According to the “section 110-25” the cost base of the asset includes capital expenditure that is made to increase or preserve the value of asset (Basu 2016). The expenditure of $600,000 for installing a new mast in the Yacht would be form the part of cost base of the asset. The expenditure incurred by John is to improve the value of asset. He often used the Yacht for racing and as a result CGT event D1 occurred under section (104-35) (1) for John as the asset was used to play sport from Sydney to Hobart (Tan, Braithwaite and Reinhart 2016). Therefore, the sale of Yacht constituted a CGT event relating to the personal use of the asset that is disposed as the set and the set would be held as single CGT asset relating to the purpose of $10,000 threshold.

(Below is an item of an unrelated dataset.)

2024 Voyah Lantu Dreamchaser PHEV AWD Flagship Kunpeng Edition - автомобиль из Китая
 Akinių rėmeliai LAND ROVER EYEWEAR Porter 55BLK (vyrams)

Section 108-20 (1) provides that on selling the personal use of the asset for a loss the taxpayer is not allowed to claim any tax offset for the loss against the capital gains. As held in the case of “Higgs v Oliver” the taxpayer made capital gains from the sale of CGT event D1 (Cao et al. 2015). The court of law held that the CGT event D1 cannot be considered the discount capital gain under “section 115-25 (3)”.
As evident in the current situation of John he purchased a board way back in 2008 for $12,000 and the boat was used for recreational purpose. He later sold the boat for $8,000 which constituted a loss of $4000. Referring to “section 108-20 (1)” John would not be allowed to offset the loss against the capital gains and such losses are to be ignored (Robin and Barkoczy 2107).
Subdivision 108-B states that the collectable represents assets that are kept largely for the taxpayer’s personal use or enjoyment (Robin 2017). As evident in the current situation of John, he had an antique table that he bought for $12,000 during 2006 and gave the same to his mother when the market value of collectable was $18,000. Therefore, this does not constitute a CGT event since no CGT event occurred.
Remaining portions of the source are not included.